Quinupristin/dalfopristin	Streptogramine	≤1	0.03-0.1	1	^[73]
Linezolid	Oxazolidinone	≤4	0.5-8	4	^[82]
Tigecycline	Glycylcycline	≤0.5	0.06-0.5	0.5	^[71]
Daptomycin	Cyclic lipopeptide	≤1	0.125-0.5	0.5	^[92,93]
Ceftobiprole	Cephalosporin	≤4^‡	0.5-2	2	^[92]
Oritavancin (LY333328)	Glycopeptide	≤4^‡	0.5-1 1-4	1 4	^[94,95]
Dalbavancin	Glycopeptide	≤0.5^‡	0.016-0.25	0.25	^[78]
Telavancin (TD-6424)	Glycopeptide	≤2^‡	0.03-1	0.25-0.5	^[82]
Radezolid (RX-1741)	Oxazolidinone	≤4^‡	0.025-8	2-4	^[91]
Iclaprim (AR-100)	DHFR inhibitors	≤1^‡	0.015-2	0.06	^[88]
Delafloxacin (RX-3341)	Fluoroquinolone	≤1^‡	0.008-1	0.5	^[101]

*According to European committee on antimicrobial susceptibility testing (EUCAST).^[103]
^‡No official breakpoint defined yet, values have been proposed on the basis of MIC testings.

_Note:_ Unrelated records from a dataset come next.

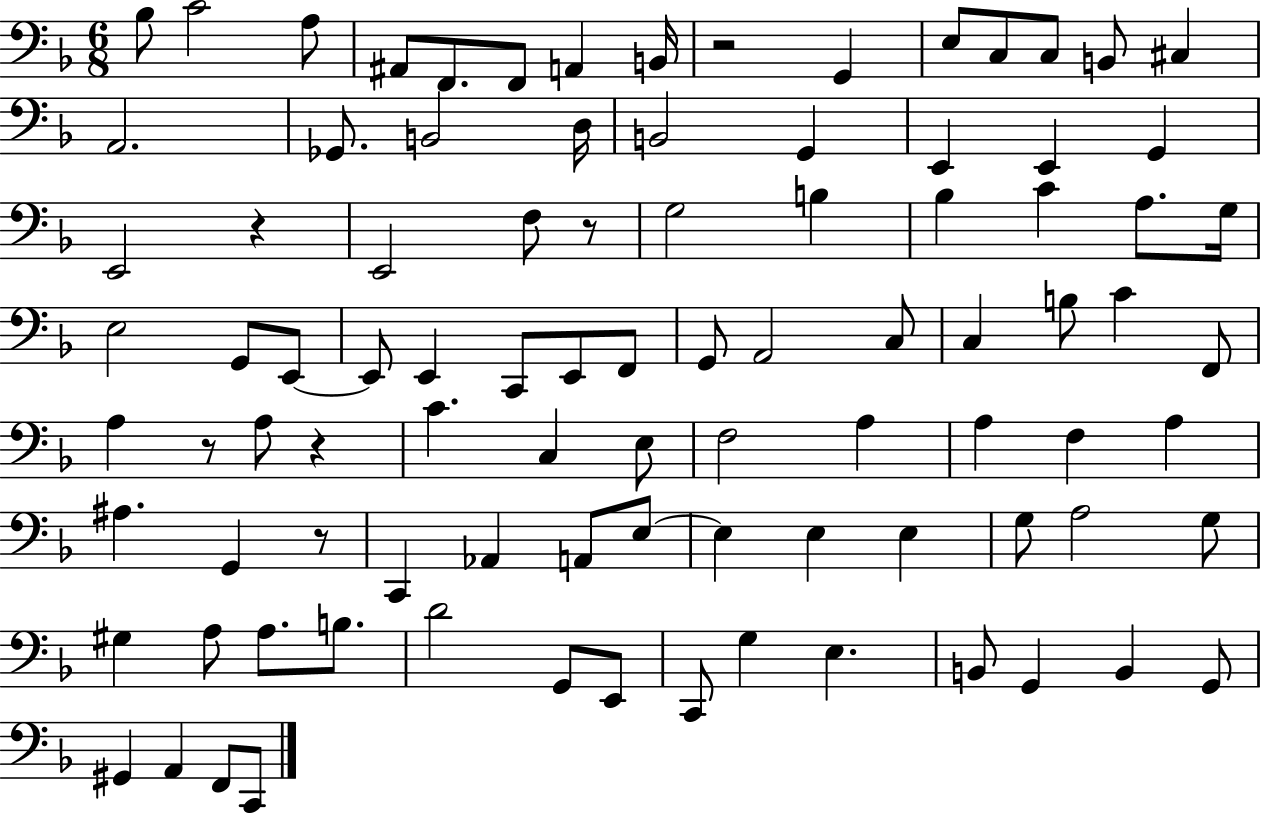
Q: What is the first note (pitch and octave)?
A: Bb3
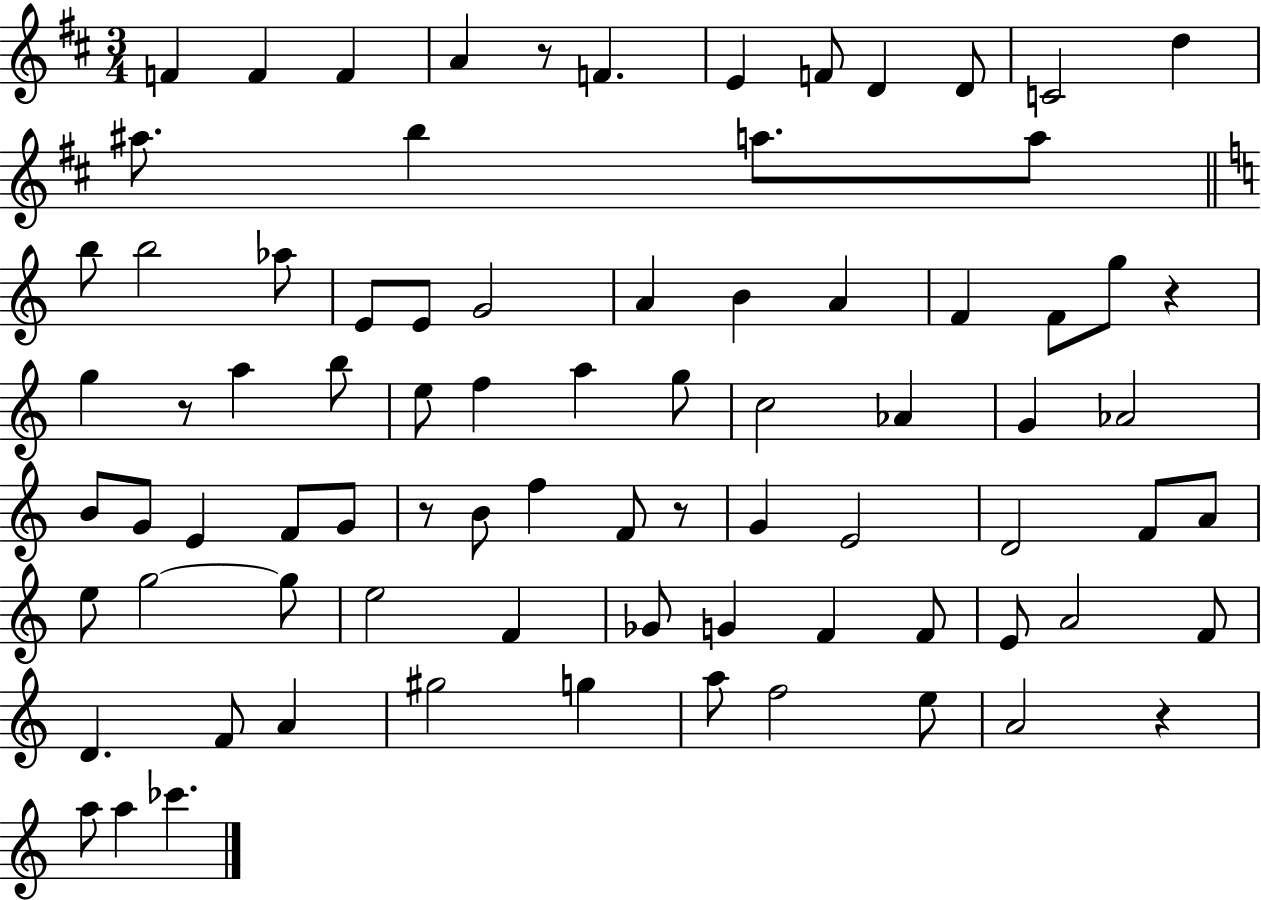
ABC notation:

X:1
T:Untitled
M:3/4
L:1/4
K:D
F F F A z/2 F E F/2 D D/2 C2 d ^a/2 b a/2 a/2 b/2 b2 _a/2 E/2 E/2 G2 A B A F F/2 g/2 z g z/2 a b/2 e/2 f a g/2 c2 _A G _A2 B/2 G/2 E F/2 G/2 z/2 B/2 f F/2 z/2 G E2 D2 F/2 A/2 e/2 g2 g/2 e2 F _G/2 G F F/2 E/2 A2 F/2 D F/2 A ^g2 g a/2 f2 e/2 A2 z a/2 a _c'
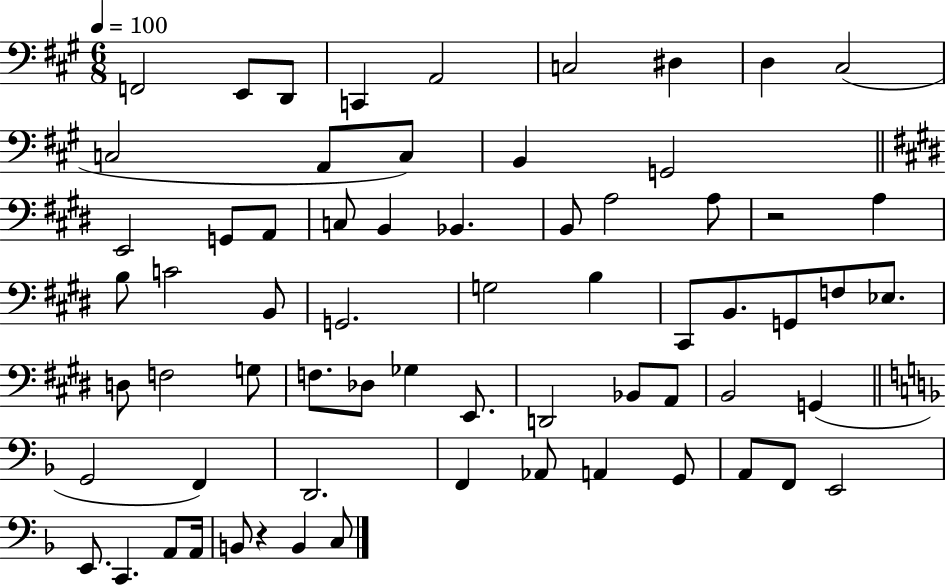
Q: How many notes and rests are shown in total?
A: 66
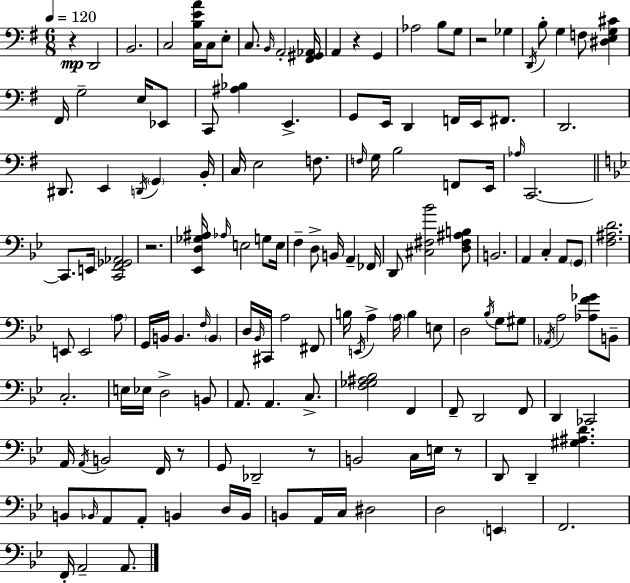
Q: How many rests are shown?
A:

Table 2. Characteristics of newer (approved) agents against resistant *Staphylococcus aureus*.
Drug	Approved indication	Comments
Linezolid	Nosocomial pneumonia, cSSSI	Oral and intravenous form available, bacteriostatic, not approved for catheter-related bloodstream infections, side effects include myelosuppression, thrombocytopenia, anemia and neutropenia, which occur mostly with prolonged use
Daptomycin	Bacteremia, right-sided endocarditis, cSSSI (MRSA, MSSA)	Administered intravenously, once-daily dose, rapidly bactericidal, not active against VISA, no efficacy in pneumonia, potential muscle toxicity
Tigecycline	cSSSI (MRSA, MSSA), complicated intra-abdominal infections (MSSA)	Administered intravenously, broad spectrum (Gram-positive and Gram-negative), bacteriostatic, limited clinical data
Quinupristin/dalfopristin	cSSSI (MSSA), not approved for MRSA by the US FDA	Administered intravenously, side effects, poor tolerability, drug-drug interactions
Ceftobiprole*	cSSSI (MRSA, MSSA)	Administered intravenously, not approved for children, broad-spectrum activity includes AmpC-producing Pseudomonas aeruginosa and Escherichia coli, not active against ESBL-producing strains, limited clinical data

*Approved in Canada and Switzerland, under review in the USA and EU.
cSSSI: Complicated skin and skin-structure infection; ESBL: Extended spectrum β lactamase; MRSA: Methicillin-resistant Staphylococcus aureus; MSSA: Methicillin-susceptible Staphylococcus aureus.